On the Pacific Rim, tsunamis have taken the lives of thousands in Malaysia and Japan in recent years. Costa Rica has braced for the worst several times during alerts, but none have hit here. Rather than trust to luck, the Cóbano District Council in this Puntarenas canton town opted for prevention.
Last Wednesday, educator Emilio Duran led 11 first graders from a local school to a secure refuge. This is the fourth such drill since 2011. Duran exhorted his charges to, “Don’t run, just walk rapidly… Are we all here? …The quake was big and there can be a tsunami…”
In a country where people often wait until the worst happens in a vain hope that nothing will, the Cóbano plan is refreshing. But the community has an advantage — safe areas 40 meters (about 140 feet) above sea level exist within an easy walking distance of only 200 to 400 meters (yards) of the town.
The Council has taken pains to ensure that the residents all know the escape route to take. This contrasts with the short-sightedness of businessmen in Garabito canton who stopped a similar movement because they felt such negative preparedness was “bad for business.”
Gladys Morua and three other women of Santa Teresa led the movement in 2011, not long after a quake in Peru raised an alert for a tsunami that never happened. Morua also told the newspaper La Nacion that she heard of the possibility of a quake on the Nicoya Peninsula in 2005.
That quake in Nicoya did happen in 2012 but created no tsunami because it was under the peninsula land mass. During the Peru quake “the escape route from San Isidro became congested,” she said, and it occurred to the four women that no one knew what to do to flee disaster.
The effort was backed gladly by the National Emergency Committee and the Bonsai Program of the Japanese Cooperation Agency.
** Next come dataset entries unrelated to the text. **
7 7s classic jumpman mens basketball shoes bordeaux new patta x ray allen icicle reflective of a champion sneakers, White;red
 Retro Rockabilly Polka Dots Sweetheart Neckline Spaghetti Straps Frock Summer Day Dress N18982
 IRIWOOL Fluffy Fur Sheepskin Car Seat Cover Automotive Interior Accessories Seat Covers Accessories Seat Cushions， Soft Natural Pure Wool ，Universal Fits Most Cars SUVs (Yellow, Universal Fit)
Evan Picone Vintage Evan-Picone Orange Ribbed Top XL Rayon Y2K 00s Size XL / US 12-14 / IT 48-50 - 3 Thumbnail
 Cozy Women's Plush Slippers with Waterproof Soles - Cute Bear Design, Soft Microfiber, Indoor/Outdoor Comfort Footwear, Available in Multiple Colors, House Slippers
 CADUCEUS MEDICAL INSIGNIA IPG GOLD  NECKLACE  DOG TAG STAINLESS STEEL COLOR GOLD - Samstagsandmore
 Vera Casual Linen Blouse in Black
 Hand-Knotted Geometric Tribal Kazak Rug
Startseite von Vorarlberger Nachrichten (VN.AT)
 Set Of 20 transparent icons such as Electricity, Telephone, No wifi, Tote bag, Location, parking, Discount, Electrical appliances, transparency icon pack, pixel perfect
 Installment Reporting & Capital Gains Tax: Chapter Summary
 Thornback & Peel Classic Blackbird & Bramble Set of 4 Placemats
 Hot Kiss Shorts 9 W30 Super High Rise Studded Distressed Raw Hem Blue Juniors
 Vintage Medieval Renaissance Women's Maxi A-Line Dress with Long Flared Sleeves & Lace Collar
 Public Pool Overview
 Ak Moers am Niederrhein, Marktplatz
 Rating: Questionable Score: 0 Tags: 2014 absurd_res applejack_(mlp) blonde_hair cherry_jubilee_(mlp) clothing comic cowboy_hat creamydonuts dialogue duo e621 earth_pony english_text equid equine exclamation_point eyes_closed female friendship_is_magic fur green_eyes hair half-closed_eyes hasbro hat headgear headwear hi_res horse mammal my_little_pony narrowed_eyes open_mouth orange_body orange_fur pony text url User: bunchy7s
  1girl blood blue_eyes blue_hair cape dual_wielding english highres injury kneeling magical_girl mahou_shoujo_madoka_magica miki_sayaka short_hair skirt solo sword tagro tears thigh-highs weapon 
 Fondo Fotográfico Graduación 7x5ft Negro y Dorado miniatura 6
After the heavy Nicoya quake on Sept. 5, 2012, the movement was backed by the University of Costa Rica’s National Seismic Network.
It started with concern for the safety of the 215 school children in the village and then gradually passed to education of adults. Morua pointed out that if the tsunami developed as the result of a local quake, the quake itself would be alert enough.
However, if it develops far from the country’s western shore in the Pacific Ocean, radio would alert someone and then a police car would circulate, spreading the warning. The Pacific Ocean, because of its propensity for earth movement and seaquakes, has a network of advance warning triggers,
Comment: The town still probably needs a direct line to the seismic network and a siren. But the town is to be commended for its foresight and action. We might mention that not everyone in Garabito canton is asleep. The hotel Marriot Los Sueños in that area offers prominent placards on its walls instructing vacationers in escape routes.
The town that still is in the greatest danger is Puntarenas, a Pacific port city not only threatened by tsunami danger but also by rising ocean levels from global warming caused by melting of the polar icecaps. Not only does it have far more people to move in an emergency but higher ground is some distance away.
So far, the city has done nothing to protect its residents, probably through inertia, a fatalistic attitude or opposition by dim bulb businessmen. One is reminded of the movie Jaws where retailers and resort owners block efforts to save lives from shark attack because such a move would be “bad for business.”